PROVIDED DATA below:

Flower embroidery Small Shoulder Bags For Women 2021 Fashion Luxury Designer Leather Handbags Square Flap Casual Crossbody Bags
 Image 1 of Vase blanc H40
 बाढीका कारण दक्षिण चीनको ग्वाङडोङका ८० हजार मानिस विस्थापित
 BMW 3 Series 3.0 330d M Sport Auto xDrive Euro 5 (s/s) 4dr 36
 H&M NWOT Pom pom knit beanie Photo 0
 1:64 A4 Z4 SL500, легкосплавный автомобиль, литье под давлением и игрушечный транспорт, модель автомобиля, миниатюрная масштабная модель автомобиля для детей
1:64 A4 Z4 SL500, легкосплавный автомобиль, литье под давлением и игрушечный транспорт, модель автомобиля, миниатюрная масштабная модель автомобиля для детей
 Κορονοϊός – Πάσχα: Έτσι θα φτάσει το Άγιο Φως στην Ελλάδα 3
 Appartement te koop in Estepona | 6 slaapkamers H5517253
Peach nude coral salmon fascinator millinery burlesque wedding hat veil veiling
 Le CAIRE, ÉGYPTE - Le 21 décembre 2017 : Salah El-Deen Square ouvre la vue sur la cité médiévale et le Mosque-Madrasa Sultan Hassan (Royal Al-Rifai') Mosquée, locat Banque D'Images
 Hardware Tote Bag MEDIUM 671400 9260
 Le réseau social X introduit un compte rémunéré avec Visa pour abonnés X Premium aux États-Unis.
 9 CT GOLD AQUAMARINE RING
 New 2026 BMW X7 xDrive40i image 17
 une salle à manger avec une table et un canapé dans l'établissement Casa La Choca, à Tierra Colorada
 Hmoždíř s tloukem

End of PROVIDED DATA.

## WORK ITEM
Your reply should be one number: how many lines in the records contain "миниатюрная".

## ANSWER TO THE EXERCISE
2